[PROBLEM REQUIREMENTS] Set out exactly every line of the entries below, starting at the line that holds "Men's Waterproof Winter" and stopping after the line that holds "Chocolate Peanut Butter".

[EXCERPTED RECORDS]
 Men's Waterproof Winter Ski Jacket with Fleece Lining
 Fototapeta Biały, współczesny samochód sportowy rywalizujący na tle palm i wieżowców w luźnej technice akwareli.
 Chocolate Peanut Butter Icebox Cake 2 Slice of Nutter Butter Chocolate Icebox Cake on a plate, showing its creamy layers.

...

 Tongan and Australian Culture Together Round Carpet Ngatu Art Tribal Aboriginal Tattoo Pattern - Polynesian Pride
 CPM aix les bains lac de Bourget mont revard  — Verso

[EXERCISE SOLUTION]
 Men's Waterproof Winter Ski Jacket with Fleece Lining
 Fototapeta Biały, współczesny samochód sportowy rywalizujący na tle palm i wieżowców w luźnej technice akwareli.
 Chocolate Peanut Butter Icebox Cake 2 Slice of Nutter Butter Chocolate Icebox Cake on a plate, showing its creamy layers.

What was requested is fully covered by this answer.